Example of regional sea level change due to a collapse of the West Antarctic Ice Sheet (after Bamber, Riva, Vermeersen & LeBroq, Science, 324, 901-903, 2009)
Oceans inside icy moons
Water oceans do not only occur on the Earth, but are also present in the interiors of some of the moons of Jupiter and Saturn. Although not directly belonging to the science agenda of NIOZ, the study of these planetary water oceans underneath the surface ice has close resemblances with areas of expertise of NIOZ, ranging from physical oceanography to deep sea habitats and possibly life. This part of my research interests has close connections to my work at the Faculty of Aerospace Engineering and to NWA Route 4 / Origins Center and is partly done at the OCS Department on Texel.

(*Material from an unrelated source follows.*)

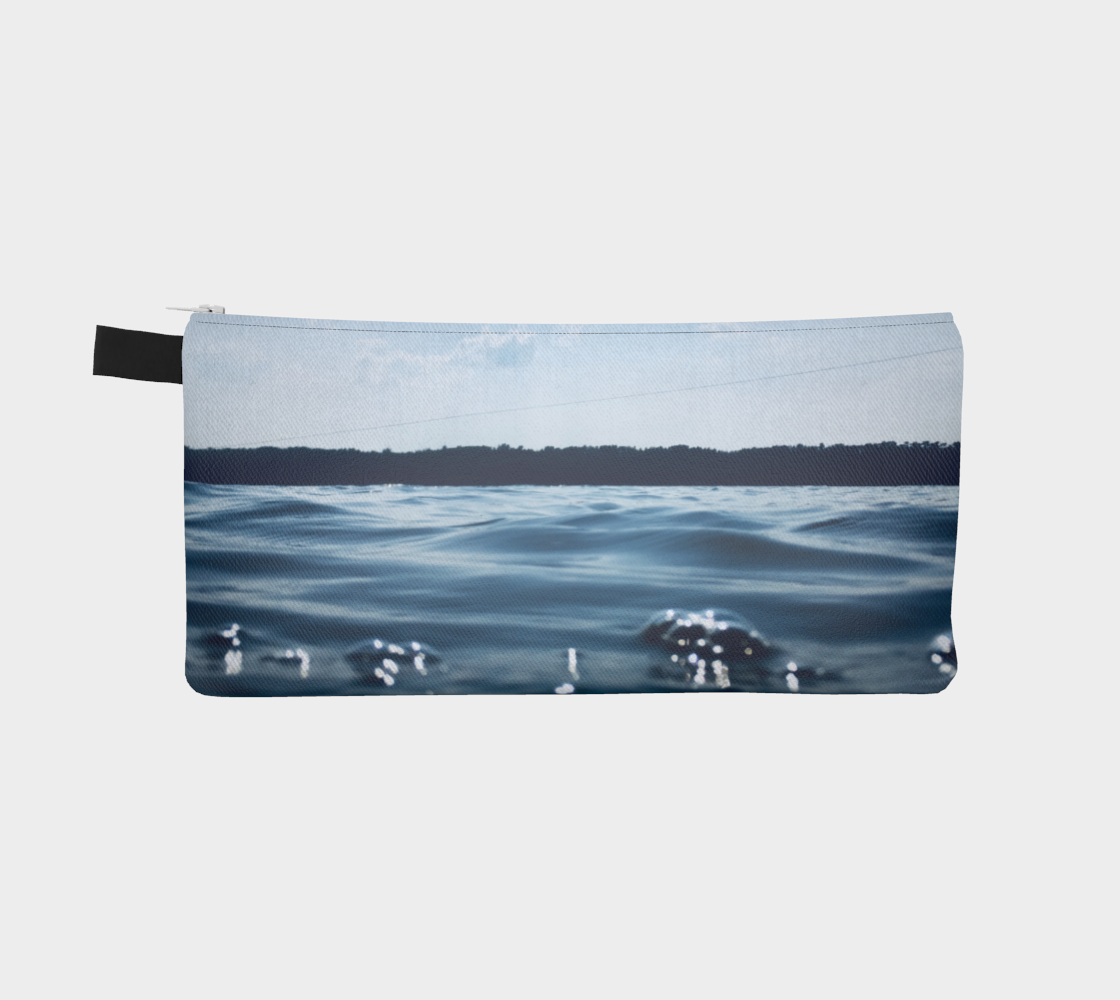 Pencil Case, Custom Designed Bag with our Blue Lake Picture, Back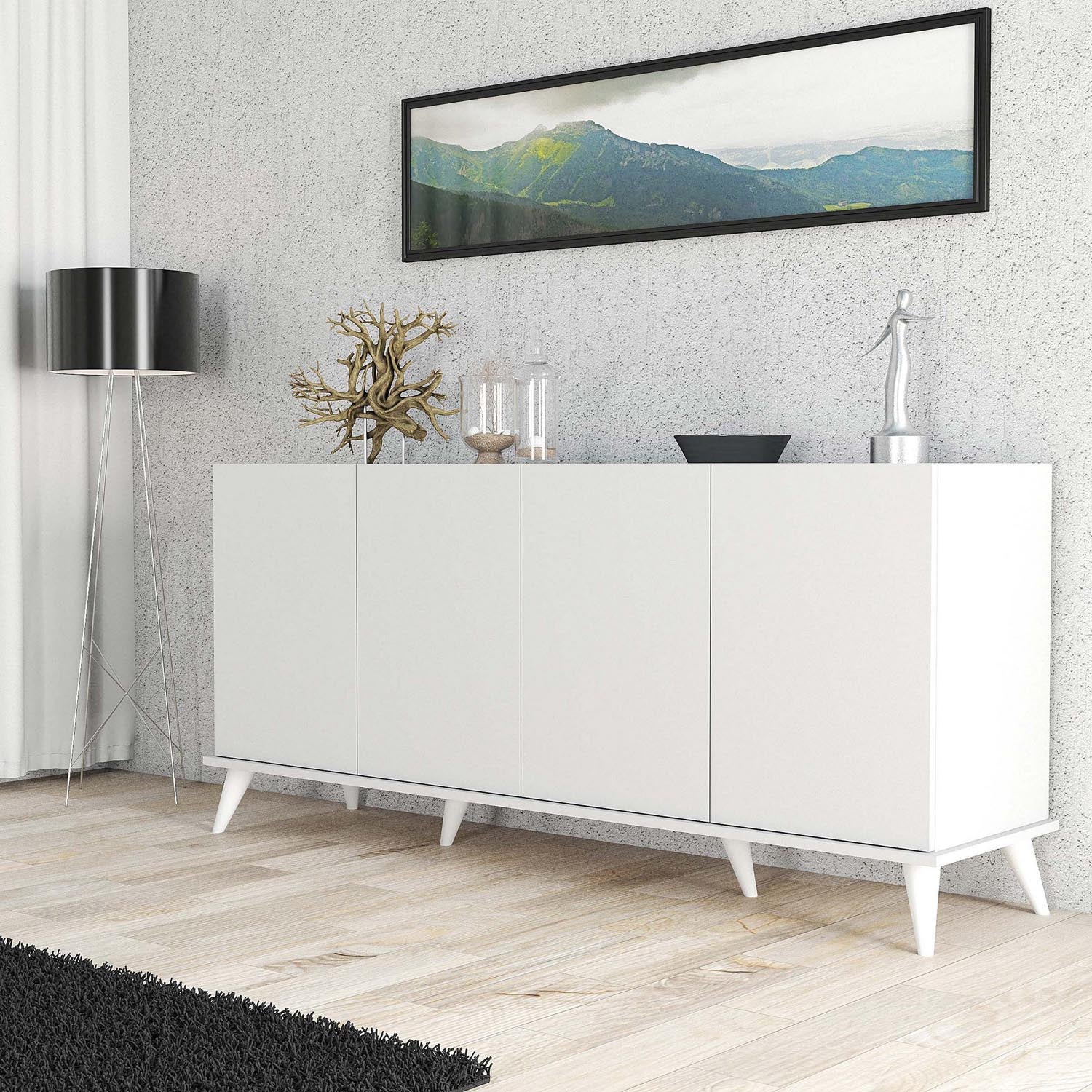 Elegante 1602 in Weiss präsentiert im Onlineshop von KAQTU Design AG. High-Sideboard ist von Hanah Home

I studied astronomy at Utrecht University and did my PhD in geophysics at the same university. During my postdoc years in Italy (Bologna, Milan) and Germany (Stuttgart) I started to numerically model regional variations of sea level change due to postglacial rebound and other geophysical processes. These models were combined with earth-oriented space observations from gravity and altimetry satellites when I was appointed assistant professor at TU Delft in 1999 and associate professor in 2007. Around the time of the landing of the Huygens probe on Saturn moon Titan in 2005 I became interested in planetary exploration as well. This resulted in the establishment of the new TU Delft Chair on Planetary Exploration in 2014, of which I spend 0.7 fte at the Faculty of Aerospace Engineering and 0.1 fte at the Faculty of Civil Engineering & Geosciences. In the meantime, my expertise on sea level change led to the appointment as (then 0.3 fte, now 0.2 fte) Senior Scientist at NIOZ in 2011.